DATA SHOWN section start

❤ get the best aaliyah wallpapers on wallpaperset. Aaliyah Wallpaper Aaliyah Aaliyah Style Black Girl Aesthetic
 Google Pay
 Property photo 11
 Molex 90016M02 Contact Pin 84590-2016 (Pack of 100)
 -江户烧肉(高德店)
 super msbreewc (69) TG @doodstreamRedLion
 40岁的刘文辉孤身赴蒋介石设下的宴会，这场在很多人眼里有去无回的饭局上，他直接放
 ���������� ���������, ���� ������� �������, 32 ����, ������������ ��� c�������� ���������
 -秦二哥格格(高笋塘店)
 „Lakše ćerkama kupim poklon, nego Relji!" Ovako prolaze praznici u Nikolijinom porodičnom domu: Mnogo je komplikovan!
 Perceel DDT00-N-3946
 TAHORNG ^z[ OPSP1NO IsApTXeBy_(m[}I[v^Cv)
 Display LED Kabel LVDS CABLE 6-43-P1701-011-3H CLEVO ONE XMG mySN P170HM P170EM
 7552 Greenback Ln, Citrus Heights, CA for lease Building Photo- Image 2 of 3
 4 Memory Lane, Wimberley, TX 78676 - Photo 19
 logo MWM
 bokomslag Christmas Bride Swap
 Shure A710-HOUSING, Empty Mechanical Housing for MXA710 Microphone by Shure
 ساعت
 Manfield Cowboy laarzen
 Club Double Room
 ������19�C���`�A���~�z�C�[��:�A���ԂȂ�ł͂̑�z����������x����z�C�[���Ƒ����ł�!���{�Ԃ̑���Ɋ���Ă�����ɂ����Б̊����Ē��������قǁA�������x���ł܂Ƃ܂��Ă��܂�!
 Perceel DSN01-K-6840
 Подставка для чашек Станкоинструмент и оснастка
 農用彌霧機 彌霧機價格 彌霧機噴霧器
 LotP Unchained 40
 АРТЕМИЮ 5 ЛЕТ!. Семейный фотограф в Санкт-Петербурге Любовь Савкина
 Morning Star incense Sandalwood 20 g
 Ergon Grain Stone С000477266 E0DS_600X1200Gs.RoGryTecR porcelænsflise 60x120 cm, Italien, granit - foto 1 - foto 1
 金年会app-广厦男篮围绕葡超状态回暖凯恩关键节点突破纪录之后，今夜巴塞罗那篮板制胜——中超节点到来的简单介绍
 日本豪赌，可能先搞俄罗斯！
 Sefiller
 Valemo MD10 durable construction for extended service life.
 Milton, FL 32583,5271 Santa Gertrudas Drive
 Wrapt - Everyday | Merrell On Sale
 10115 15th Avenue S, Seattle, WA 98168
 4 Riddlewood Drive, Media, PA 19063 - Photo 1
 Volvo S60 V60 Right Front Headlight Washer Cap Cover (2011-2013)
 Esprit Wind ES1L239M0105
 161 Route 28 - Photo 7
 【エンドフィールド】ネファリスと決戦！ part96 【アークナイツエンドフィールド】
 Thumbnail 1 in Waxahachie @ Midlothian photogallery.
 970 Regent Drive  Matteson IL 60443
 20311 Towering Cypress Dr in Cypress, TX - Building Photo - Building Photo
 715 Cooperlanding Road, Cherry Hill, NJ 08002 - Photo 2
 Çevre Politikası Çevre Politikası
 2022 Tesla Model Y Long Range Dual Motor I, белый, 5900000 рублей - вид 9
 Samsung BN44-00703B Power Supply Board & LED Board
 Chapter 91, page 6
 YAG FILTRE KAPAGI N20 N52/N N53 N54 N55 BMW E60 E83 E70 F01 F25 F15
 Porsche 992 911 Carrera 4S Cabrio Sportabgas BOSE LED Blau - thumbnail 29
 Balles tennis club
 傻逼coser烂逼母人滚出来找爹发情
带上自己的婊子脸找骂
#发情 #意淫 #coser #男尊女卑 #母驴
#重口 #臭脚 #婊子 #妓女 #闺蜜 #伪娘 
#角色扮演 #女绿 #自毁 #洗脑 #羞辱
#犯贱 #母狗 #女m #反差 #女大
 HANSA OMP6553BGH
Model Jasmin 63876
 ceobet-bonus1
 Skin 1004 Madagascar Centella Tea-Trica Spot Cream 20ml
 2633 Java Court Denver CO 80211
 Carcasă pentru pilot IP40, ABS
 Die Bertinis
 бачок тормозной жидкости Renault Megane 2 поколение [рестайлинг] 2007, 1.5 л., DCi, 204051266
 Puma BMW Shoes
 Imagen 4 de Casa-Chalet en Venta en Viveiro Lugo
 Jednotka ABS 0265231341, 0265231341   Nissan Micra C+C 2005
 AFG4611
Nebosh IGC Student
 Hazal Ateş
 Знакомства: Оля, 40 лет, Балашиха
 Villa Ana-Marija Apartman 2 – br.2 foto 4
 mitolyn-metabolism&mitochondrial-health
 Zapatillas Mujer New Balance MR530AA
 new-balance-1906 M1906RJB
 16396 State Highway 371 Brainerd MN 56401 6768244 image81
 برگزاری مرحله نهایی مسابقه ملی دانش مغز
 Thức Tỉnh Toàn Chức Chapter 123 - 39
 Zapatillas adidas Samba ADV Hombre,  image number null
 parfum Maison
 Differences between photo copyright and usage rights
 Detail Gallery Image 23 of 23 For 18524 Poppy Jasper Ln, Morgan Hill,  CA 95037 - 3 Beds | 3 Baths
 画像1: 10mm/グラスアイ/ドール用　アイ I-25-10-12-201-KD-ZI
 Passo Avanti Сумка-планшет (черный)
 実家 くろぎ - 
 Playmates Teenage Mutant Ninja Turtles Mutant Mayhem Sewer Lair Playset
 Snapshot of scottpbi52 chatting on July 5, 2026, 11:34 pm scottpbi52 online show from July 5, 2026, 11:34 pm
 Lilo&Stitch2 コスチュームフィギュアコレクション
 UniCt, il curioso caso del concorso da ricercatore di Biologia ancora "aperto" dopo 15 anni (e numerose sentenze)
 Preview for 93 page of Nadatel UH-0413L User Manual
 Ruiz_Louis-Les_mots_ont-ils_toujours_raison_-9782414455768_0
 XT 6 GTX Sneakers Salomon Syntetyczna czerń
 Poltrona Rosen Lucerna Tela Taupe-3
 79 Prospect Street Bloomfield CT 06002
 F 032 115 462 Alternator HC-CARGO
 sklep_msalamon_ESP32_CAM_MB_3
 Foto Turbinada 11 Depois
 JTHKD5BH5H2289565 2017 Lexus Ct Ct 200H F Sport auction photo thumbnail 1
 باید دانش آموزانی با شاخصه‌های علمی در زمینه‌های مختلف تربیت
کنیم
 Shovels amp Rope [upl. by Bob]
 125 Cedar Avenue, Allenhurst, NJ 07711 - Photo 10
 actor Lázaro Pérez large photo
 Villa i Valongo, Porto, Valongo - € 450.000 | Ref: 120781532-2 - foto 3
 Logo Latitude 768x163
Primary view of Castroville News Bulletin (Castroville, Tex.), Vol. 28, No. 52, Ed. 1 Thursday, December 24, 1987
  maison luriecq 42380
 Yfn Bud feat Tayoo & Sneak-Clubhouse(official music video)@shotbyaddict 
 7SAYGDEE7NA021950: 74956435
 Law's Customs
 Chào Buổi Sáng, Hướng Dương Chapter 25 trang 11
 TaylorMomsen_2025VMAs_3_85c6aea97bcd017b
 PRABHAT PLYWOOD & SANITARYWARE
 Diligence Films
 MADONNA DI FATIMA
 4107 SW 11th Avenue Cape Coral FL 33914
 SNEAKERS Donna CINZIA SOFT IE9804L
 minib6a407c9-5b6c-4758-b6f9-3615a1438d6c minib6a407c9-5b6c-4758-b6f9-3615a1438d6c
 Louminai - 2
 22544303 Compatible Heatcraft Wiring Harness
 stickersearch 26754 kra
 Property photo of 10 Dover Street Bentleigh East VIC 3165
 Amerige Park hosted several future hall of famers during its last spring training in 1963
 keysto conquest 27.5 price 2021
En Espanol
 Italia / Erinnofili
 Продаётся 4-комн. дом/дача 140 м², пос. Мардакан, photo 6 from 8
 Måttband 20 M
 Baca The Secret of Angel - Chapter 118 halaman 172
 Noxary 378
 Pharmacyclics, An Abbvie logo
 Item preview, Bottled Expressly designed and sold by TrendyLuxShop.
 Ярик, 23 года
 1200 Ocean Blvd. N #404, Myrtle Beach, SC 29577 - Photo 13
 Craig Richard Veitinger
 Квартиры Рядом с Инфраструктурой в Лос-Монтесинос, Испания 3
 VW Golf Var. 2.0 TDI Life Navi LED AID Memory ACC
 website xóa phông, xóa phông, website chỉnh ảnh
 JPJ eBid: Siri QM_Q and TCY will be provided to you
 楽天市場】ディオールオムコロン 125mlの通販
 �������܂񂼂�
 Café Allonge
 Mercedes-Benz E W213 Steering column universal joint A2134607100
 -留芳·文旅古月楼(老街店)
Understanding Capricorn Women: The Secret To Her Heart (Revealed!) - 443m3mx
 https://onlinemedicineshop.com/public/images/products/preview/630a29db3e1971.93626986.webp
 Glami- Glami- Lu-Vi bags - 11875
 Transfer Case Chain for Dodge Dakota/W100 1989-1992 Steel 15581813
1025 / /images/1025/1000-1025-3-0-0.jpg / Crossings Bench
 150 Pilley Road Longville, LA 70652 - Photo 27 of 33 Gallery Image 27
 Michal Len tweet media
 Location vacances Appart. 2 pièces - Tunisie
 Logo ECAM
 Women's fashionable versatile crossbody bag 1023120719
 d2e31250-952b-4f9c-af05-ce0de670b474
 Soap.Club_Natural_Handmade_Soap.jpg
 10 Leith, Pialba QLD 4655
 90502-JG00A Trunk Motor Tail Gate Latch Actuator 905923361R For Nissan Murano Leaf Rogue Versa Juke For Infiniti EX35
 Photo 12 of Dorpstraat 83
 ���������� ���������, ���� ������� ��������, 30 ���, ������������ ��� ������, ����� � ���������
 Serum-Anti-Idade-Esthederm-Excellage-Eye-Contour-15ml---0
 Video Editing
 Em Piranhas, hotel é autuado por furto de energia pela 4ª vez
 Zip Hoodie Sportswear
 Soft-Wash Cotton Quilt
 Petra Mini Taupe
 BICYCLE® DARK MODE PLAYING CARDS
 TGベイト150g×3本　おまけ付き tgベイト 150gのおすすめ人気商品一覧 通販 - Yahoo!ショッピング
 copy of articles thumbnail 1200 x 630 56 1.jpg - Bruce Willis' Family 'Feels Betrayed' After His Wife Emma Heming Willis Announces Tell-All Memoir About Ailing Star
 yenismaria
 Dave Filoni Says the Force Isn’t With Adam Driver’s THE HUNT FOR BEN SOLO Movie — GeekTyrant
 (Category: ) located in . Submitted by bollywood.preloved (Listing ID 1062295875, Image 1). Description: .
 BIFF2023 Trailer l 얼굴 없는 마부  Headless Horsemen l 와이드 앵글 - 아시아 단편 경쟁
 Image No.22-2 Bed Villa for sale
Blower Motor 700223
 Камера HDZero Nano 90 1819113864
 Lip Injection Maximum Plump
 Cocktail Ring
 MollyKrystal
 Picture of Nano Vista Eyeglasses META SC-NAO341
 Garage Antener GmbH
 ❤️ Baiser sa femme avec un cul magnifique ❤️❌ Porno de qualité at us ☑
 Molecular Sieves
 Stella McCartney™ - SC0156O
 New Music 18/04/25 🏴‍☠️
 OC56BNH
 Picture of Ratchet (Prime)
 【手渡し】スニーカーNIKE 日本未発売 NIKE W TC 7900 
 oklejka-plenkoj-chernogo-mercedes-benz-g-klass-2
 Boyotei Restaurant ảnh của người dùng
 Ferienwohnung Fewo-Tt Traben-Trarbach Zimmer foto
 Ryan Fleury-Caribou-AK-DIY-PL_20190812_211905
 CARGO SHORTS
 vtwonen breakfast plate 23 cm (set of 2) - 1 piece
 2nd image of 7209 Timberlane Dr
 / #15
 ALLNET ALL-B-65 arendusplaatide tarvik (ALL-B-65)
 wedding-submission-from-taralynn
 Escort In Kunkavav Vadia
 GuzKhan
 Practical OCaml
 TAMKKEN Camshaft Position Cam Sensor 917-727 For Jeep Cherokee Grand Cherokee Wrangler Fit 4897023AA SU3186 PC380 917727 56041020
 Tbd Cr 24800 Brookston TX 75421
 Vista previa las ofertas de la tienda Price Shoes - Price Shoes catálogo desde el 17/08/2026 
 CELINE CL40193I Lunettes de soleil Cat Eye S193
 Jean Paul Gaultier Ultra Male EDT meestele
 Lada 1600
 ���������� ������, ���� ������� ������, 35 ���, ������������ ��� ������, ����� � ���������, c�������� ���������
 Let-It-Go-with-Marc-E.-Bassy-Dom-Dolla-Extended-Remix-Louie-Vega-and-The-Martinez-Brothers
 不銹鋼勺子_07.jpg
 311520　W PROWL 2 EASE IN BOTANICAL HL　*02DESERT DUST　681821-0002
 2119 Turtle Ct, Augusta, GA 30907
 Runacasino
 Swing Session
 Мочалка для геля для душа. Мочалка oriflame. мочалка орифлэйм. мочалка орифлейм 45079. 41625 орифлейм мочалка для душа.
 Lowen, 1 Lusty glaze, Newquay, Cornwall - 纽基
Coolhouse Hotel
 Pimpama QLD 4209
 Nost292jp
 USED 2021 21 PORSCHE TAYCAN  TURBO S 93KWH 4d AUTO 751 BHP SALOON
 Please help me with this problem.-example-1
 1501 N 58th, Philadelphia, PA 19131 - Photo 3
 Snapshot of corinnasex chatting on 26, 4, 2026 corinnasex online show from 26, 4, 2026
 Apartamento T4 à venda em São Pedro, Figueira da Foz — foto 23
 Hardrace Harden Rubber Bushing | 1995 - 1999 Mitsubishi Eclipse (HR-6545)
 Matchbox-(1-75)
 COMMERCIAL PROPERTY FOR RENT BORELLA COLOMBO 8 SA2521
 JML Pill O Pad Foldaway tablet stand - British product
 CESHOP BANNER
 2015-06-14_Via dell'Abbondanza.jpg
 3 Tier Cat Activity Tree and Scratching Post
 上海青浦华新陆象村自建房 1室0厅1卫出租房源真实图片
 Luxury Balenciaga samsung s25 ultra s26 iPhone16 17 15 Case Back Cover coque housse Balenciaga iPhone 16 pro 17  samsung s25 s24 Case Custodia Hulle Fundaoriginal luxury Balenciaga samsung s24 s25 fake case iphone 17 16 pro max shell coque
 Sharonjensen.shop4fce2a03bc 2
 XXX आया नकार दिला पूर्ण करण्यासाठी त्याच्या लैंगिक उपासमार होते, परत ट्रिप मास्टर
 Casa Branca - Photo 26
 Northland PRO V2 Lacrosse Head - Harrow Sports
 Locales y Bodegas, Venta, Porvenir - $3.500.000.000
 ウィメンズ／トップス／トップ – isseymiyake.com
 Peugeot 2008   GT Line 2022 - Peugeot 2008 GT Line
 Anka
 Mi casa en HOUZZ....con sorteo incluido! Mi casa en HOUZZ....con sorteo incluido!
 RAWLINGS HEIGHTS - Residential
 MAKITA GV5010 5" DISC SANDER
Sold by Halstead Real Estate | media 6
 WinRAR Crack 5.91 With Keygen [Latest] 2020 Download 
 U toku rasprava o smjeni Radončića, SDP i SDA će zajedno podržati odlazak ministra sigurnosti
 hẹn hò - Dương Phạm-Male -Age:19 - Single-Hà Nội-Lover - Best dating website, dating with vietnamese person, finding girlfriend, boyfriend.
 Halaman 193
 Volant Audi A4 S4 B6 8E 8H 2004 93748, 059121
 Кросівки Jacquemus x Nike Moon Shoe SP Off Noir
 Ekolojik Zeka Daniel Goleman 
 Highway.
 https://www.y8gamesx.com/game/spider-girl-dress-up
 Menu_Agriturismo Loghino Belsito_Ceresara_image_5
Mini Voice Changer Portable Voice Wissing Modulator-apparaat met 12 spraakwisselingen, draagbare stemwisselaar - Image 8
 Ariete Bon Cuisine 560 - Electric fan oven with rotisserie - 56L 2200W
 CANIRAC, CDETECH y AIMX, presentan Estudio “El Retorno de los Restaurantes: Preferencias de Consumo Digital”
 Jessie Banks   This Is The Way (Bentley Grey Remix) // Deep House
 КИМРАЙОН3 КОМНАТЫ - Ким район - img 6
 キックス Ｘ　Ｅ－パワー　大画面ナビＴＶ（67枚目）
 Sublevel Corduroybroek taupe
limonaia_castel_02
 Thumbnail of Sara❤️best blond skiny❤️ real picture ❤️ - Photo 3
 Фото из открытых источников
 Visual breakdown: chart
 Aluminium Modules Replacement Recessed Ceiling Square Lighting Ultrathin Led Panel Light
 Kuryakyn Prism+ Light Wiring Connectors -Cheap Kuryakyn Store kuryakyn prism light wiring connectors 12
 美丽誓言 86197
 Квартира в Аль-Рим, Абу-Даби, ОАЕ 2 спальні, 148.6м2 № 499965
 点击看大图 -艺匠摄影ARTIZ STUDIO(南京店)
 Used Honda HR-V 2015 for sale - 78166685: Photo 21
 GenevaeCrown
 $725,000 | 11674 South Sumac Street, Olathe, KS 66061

DATA SHOWN section end

> _GOAL OF THE EXERCISE_:
Output the lines of the records above exactly as they appear, from the line containing "Carcasă pentru pilot IP40, ABS" through the line containing "Знакомства: Оля, 40 лет, Балашиха".

> _TASK OUTPUT_:
 Carcasă pentru pilot IP40, ABS
 Die Bertinis
 бачок тормозной жидкости Renault Megane 2 поколение [рестайлинг] 2007, 1.5 л., DCi, 204051266
 Puma BMW Shoes
 Imagen 4 de Casa-Chalet en Venta en Viveiro Lugo
 Jednotka ABS 0265231341, 0265231341   Nissan Micra C+C 2005
 AFG4611
Nebosh IGC Student
 Hazal Ateş
 Знакомства: Оля, 40 лет, Балашиха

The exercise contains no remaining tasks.